- **What is expected**
Transcribe all the data below exactly, leaving its pictures out.

- **Collected material**
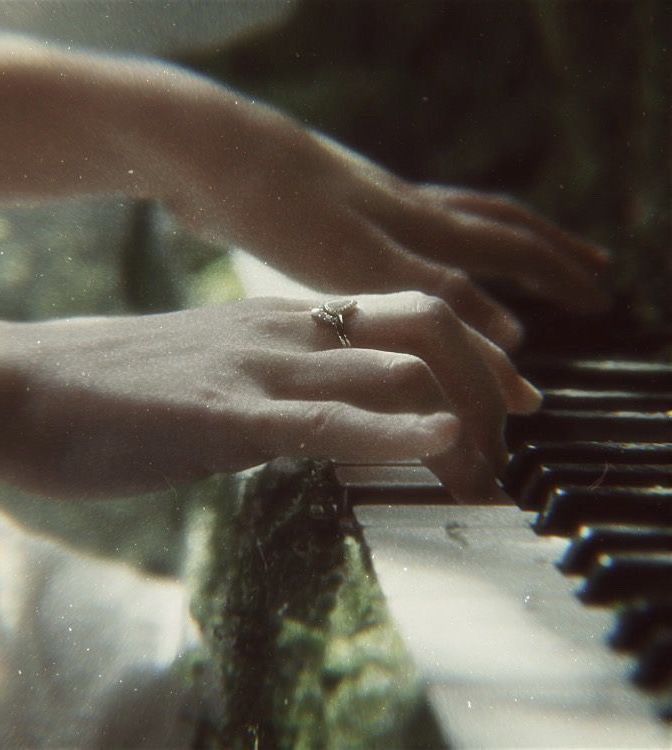 two hands are playing the piano with their wedding rings on top of it, while another hand rests on the keyboard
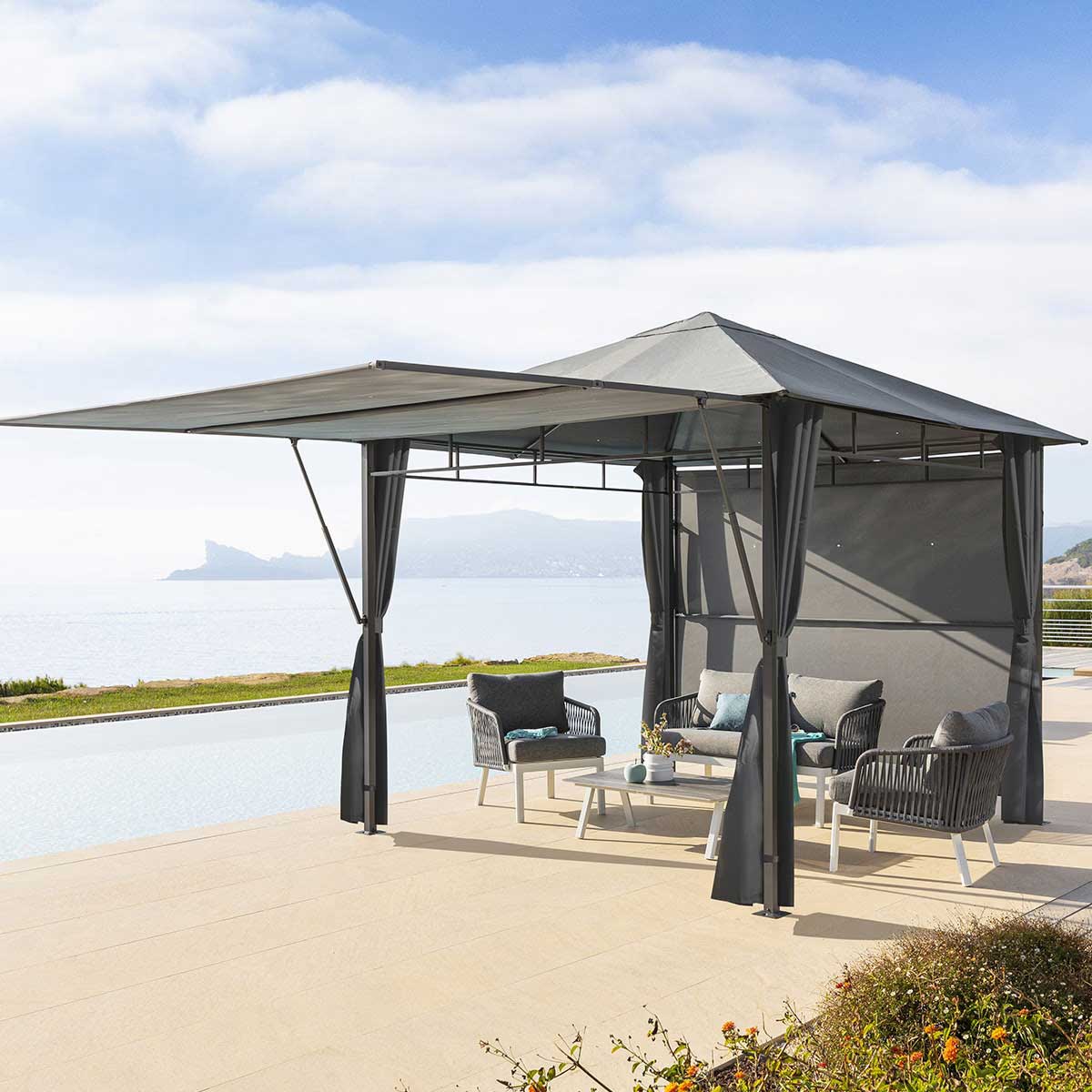 P&eacute;rgola OMELYA gris ard&oacute;sia con cortinas 3x3m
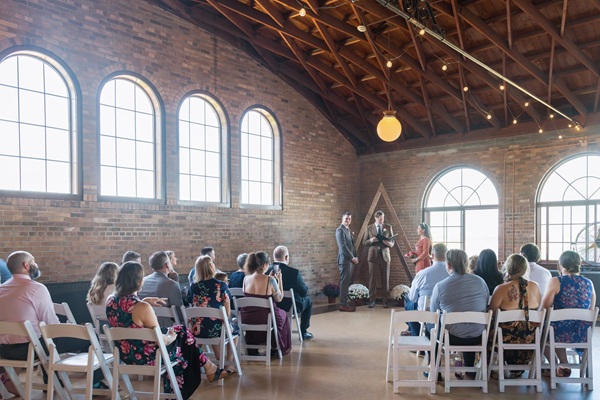 South Shore Pavilion: ceremony guests in chairs, wood-beamed ceiling with large windows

- **Written solution**
 two hands are playing the piano with their wedding rings on top of it, while another hand rests on the keyboard
 P&eacute;rgola OMELYA gris ard&oacute;sia con cortinas 3x3m
 South Shore Pavilion: ceremony guests in chairs, wood-beamed ceiling with large windows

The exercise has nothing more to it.